Dr. John Craven mentions that he did not work on the Mark 37 torpedo's propulsion system and only became aware of the possibility of a battery explosion twenty years after the loss of Scorpion. In his book The Silent War, he recounts running a simulation with former Scorpion Executive officer Lieutenant Commander Robert Fountain, Jr. commanding the simulator. Fountain was told he was headed home at 18 knots (33 km/h) at a depth of his choice, then there was an alarm of "hot running torpedo". Fountain responded with "right full rudder", a quick turn that would activate a safety device and keep the torpedo from arming.

Then an explosion in the torpedo room was introduced into the simulation. Fountain ordered emergency procedures to surface the boat, stated Dr. Craven, "but instead she continued to plummet, reaching collapse depth and imploding in ninety seconds—one second shy of the acoustic record of the actual event."

Craven, who was the Chief Scientist of the Navy's Special Projects Office, which had management responsibility for the design, development, construction, operational test and evaluation and maintenance of the UGM-27 Polaris Fleet Missile System–at the time of Scorpion's sinking the most technically advanced military system ever deployed–had long believed Scorpion was struck by her own torpedo, but revised his views during the mid-1990s when engineers testing Mark 46 batteries at Keyport, Washington, said the batteries leaked electrolyte and sometimes burned while outside of their casings during lifetime shock, heat and cold testing. Although the battery manufacturer was accused of building bad batteries, it was later able to successfully prove its batteries were no more prone to failure than those made by other manufacturers. In fact, the batteries suspected of being unreliable were manufactured too late to have been installed in Scorpion's torpedoes.

Malfunction of trash disposal unit
During the 1968 inquiry, Vice Admiral Arnold F. Shade testified that he believed that a malfunction of the trash disposal unit (TDU) was the trigger for the disaster. Shade theorized that the sub was flooded when the TDU was operated at periscope depth and that other subsequent failures of material or personnel while dealing with the TDU-induced flooding led to the sub's demise.

US Navy conclusions
The results of the U.S. Navy's various investigations into the loss of Scorpion are inconclusive. While the Court of Inquiry never endorsed Dr. Craven's torpedo theory regarding the loss of Scorpion, its Findings of Facts released in 1993 carried Craven's torpedo theory at the head of a list of possible causes of Scorpion's loss.

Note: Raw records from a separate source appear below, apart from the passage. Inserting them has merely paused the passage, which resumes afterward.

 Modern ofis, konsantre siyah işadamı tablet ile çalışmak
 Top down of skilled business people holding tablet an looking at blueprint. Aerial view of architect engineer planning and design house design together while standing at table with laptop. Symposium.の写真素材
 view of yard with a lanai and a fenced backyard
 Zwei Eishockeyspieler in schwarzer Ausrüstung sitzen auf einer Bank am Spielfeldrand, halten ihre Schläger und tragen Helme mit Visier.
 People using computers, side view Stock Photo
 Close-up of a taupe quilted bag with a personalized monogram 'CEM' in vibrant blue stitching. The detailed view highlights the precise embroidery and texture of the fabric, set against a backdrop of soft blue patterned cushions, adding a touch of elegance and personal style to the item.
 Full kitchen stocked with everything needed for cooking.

The Navy failed to inform the public that both the U.S. Submarine Force Atlantic and the Commander-in-Chief U.S. Atlantic Fleet opposed Craven's torpedo theory as unfounded and also failed to disclose that a second technical investigation into the loss of Scorpion completed in 1970 actually repudiated claims that a torpedo detonation played a role in the loss of the submarine.

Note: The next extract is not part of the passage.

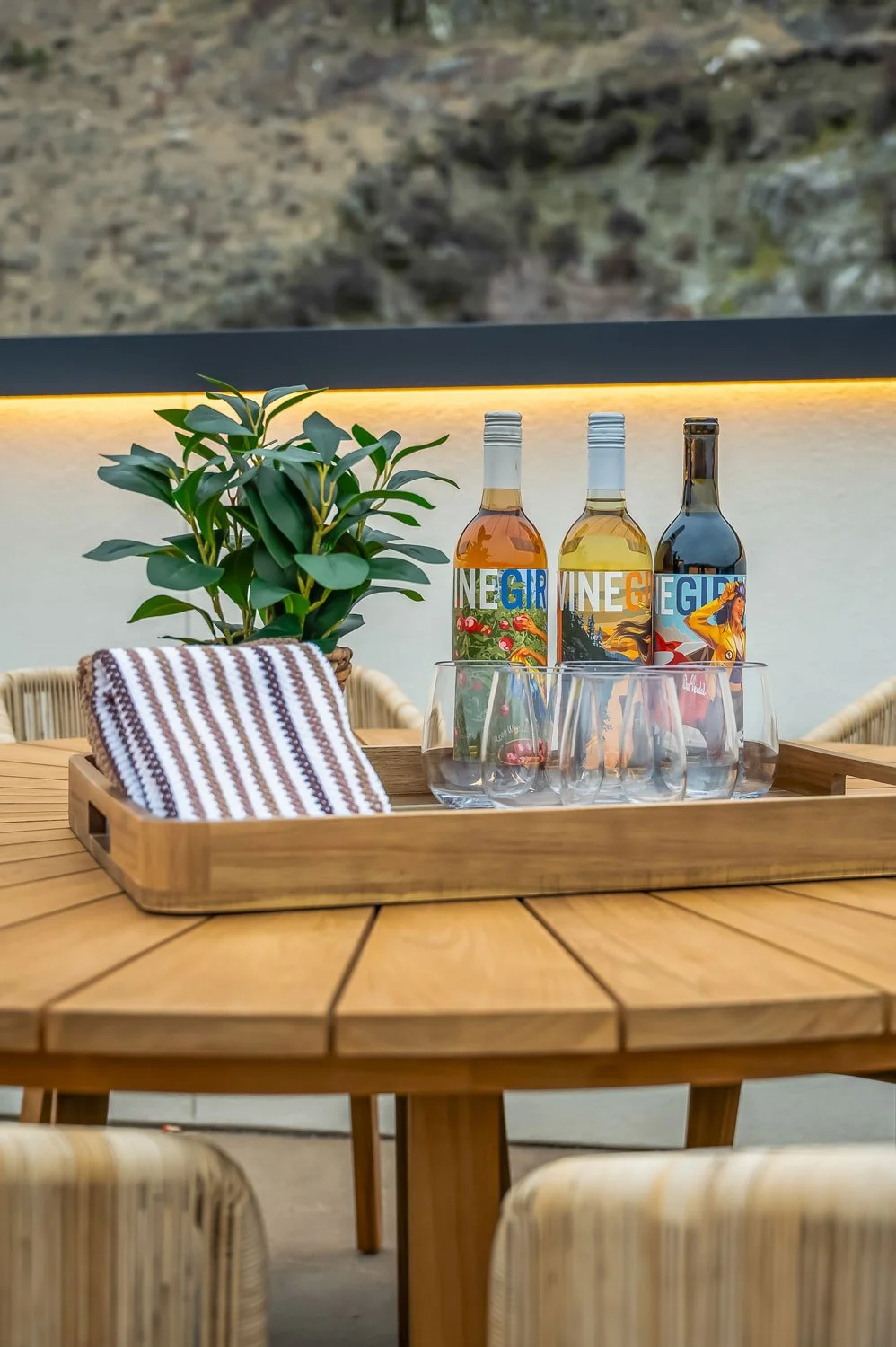 Table with three bottles of flavored soda water, a green potted plant, a wooden tray with a striped cloth, and clear glasses, set against a neutral indoor background with mountains visible outside.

Despite the second technical investigation, the Navy continues to attach strong credence to Craven's view that an explosion destroyed her, as is evidenced by this excerpt from a May 2003 letter from the Navy's Submarine Warfare Division (N77), specifically written by Admiral P.F. Sullivan on behalf of Vice Admiral John J. Grossenbacher (Commander Naval Submarine Forces), the Naval Sea Systems Command, Naval Reactors, and others in the US Navy regarding its view of alternative sinking theories:
The first cataclysmic event was of such magnitude that the only possible conclusion is that a cataclysmic event (explosion) occurred resulting in uncontrolled flooding (most likely the forward compartments).

Some erroneously claim Grossenbacher's (and Sullivan's) determination is drawn solely from the inconclusive Findings of Fact, generated by the US Navy's Court of Inquiry into Scorpion sinking. This is untrue, as their letter explicitly mentions their review of a secondary study by the Structural Analysis Group in 1970, and a later report by Dr. Robert Ballard, whose investigative team visited the Scorpion wreck in 1985 using the search for Titanic as a cover since the visit was part of a recently declassified mission to visit Scorpion as well as Thresher, another nuclear sub which was lost off the coast of Cape Cod, Massachusetts.



"We have a saying in the Navy about ships lost out here:

"Those who lie deep in the Atlantic Sea
Are recalled by shrines, wreaths and poetry.
But those who lie in the Pacific Sea
Lie forgotten for all eternity."
I've been unable to find any reference to this saying outside Clive Cussler's book!

Saturday, November 26, 2011

Spartan Gold: Donna Karan dress and more

pg 31

Remi was running late as usual, having decided at the last minute her black Donna Karan dress was going to be a bit much...
Donna Karan (born October 2, 1948) is an American fashion designer and the creator of the Donna Karan New York and DKNY clothing labels.

...over hidden loudspeakers came the faint strains of Celtic folk musics.
Celtic (Keltic) music is a term utilised by artists, record companies, music stores and music magazines to describe a broad grouping of musical genres that evolved out of the folk musical traditions of the Celtic people of Western Europe. As such there is no real body of music which can be accurately described as Celtic, but the term has stuck and may refer to both orally-transmitted traditional music and recorded popular music. Celtic music saw a revival in the 1980s with the emergence of the Irish group Clannad, who became innovators in the genre by blending their heritage of harmony and melody with the design science of the hi-tech studio.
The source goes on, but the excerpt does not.